[[ Record extracts open ]]

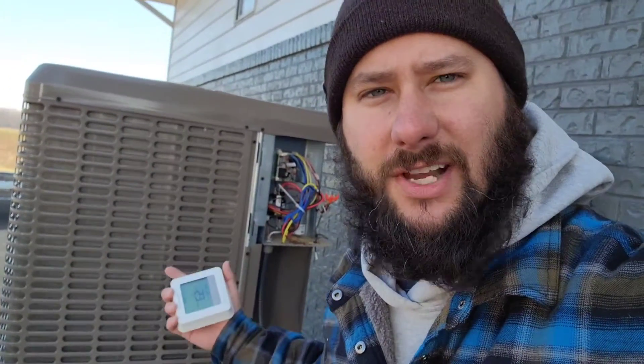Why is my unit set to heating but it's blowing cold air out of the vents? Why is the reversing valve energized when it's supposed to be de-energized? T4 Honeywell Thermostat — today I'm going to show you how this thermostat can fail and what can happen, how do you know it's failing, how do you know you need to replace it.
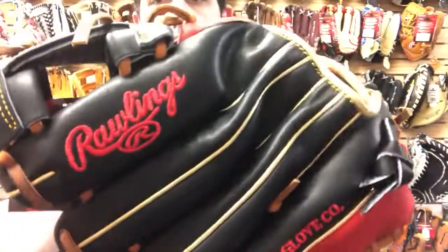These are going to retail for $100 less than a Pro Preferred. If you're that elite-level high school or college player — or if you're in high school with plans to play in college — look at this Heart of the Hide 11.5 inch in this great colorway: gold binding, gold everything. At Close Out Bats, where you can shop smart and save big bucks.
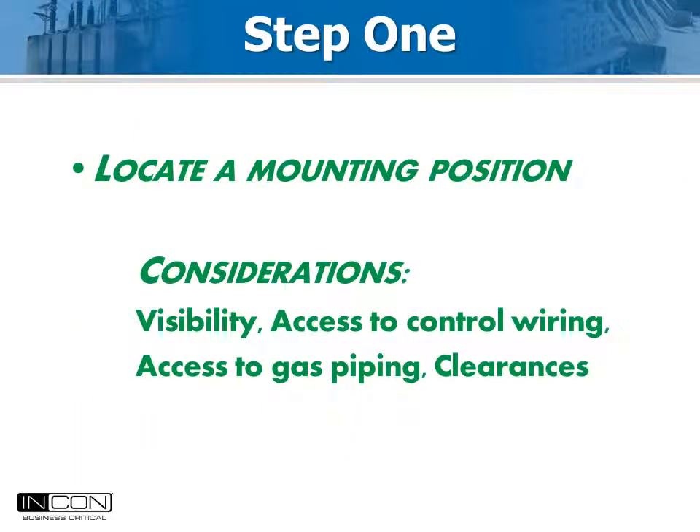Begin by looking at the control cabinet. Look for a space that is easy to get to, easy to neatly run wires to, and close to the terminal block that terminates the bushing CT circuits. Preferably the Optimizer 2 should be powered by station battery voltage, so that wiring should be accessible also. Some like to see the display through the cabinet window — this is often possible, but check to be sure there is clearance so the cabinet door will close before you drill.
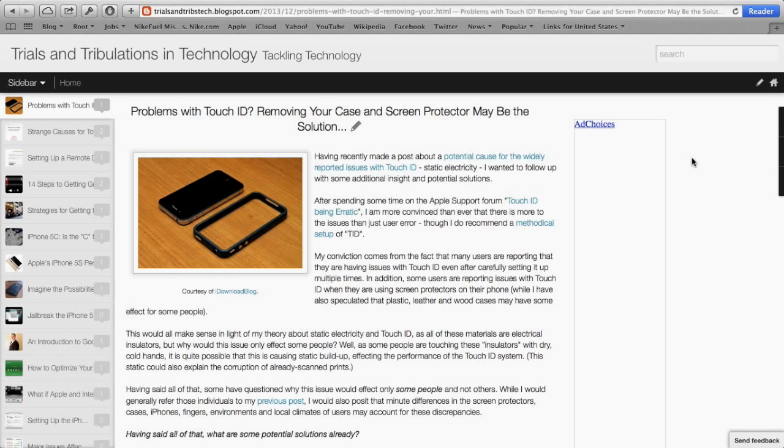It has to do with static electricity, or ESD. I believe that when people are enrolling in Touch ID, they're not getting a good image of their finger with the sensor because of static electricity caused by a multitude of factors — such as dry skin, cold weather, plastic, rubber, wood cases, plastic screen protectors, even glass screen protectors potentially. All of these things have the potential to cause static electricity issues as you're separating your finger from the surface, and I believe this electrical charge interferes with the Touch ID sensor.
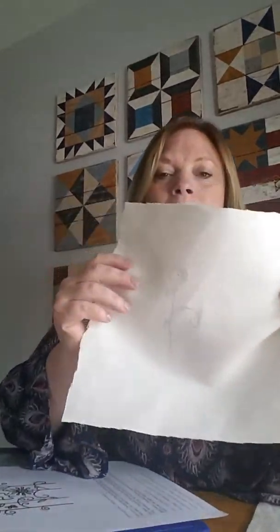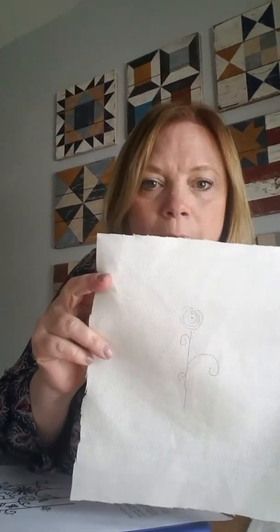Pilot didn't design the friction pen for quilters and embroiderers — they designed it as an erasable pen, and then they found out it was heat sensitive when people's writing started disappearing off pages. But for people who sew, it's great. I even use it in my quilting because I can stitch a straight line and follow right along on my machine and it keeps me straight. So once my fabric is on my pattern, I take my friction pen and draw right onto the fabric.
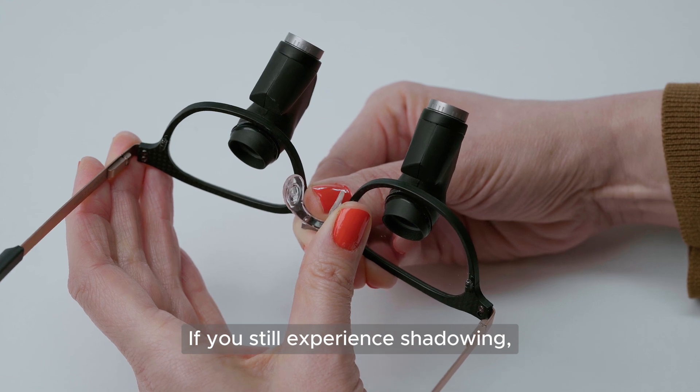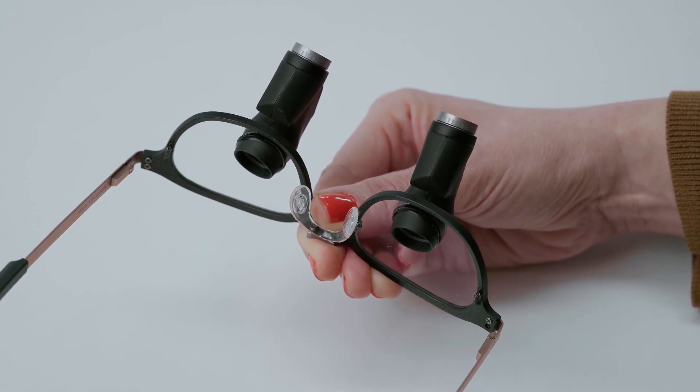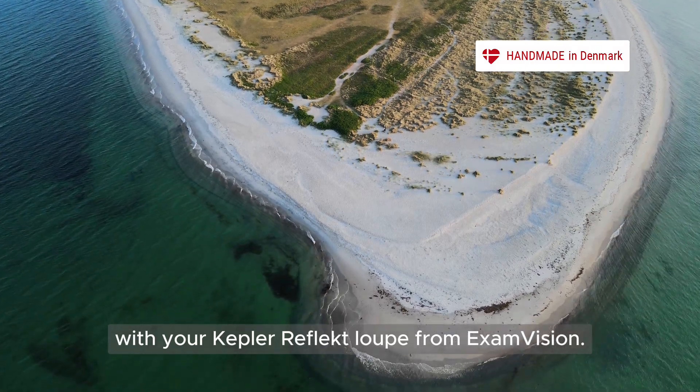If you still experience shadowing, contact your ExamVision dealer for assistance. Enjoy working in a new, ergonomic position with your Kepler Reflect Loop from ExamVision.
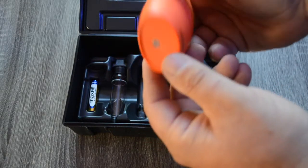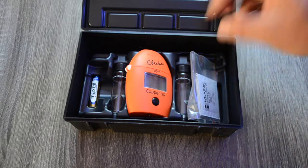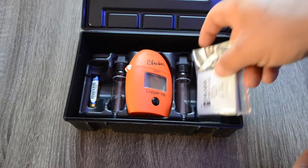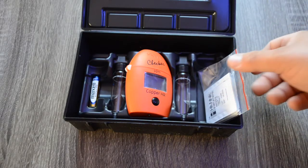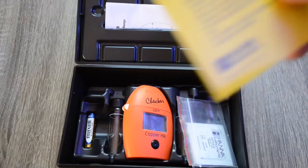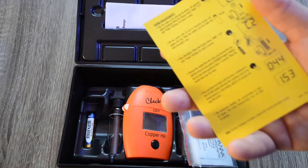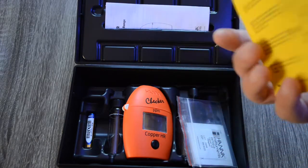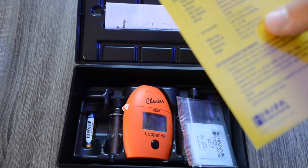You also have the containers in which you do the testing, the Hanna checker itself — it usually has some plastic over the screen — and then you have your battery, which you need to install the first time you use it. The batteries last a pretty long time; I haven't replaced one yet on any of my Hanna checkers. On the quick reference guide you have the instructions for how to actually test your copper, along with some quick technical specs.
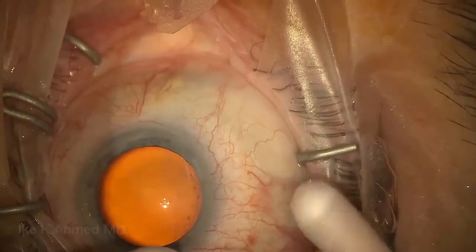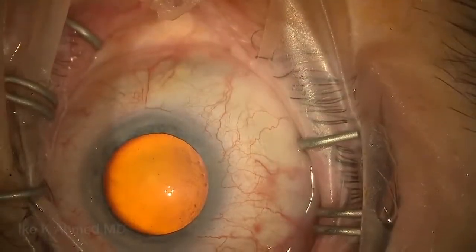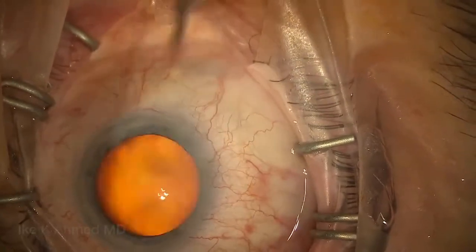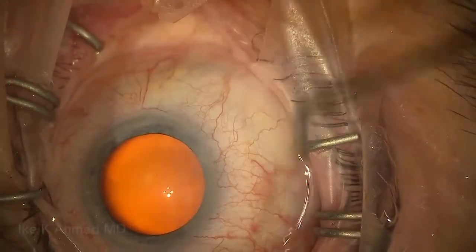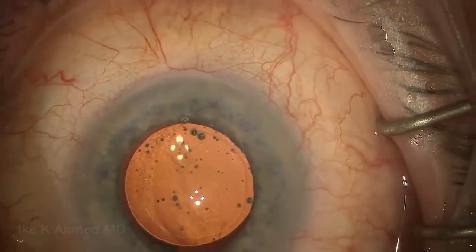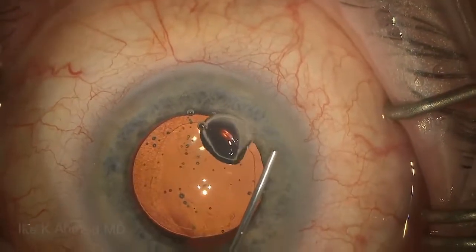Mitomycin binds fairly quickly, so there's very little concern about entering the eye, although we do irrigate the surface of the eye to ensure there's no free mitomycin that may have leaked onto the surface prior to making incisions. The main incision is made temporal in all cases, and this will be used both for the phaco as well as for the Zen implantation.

[[ Record extracts closed ]]

▶ [Aim of the exercise]: Would you please repeat the lines above exactly, from the first line of the listing through the line holding "Begin by looking", with nothing added and no pictures?

▶ [Solved problem]:
Why is my unit set to heating but it's blowing cold air out of the vents? Why is the reversing valve energized when it's supposed to be de-energized? T4 Honeywell Thermostat — today I'm going to show you how this thermostat can fail and what can happen, how do you know it's failing, how do you know you need to replace it.
These are going to retail for $100 less than a Pro Preferred. If you're that elite-level high school or college player — or if you're in high school with plans to play in college — look at this Heart of the Hide 11.5 inch in this great colorway: gold binding, gold everything. At Close Out Bats, where you can shop smart and save big bucks.
Begin by looking at the control cabinet. Look for a space that is easy to get to, easy to neatly run wires to, and close to the terminal block that terminates the bushing CT circuits. Preferably the Optimizer 2 should be powered by station battery voltage, so that wiring should be accessible also. Some like to see the display through the cabinet window — this is often possible, but check to be sure there is clearance so the cabinet door will close before you drill.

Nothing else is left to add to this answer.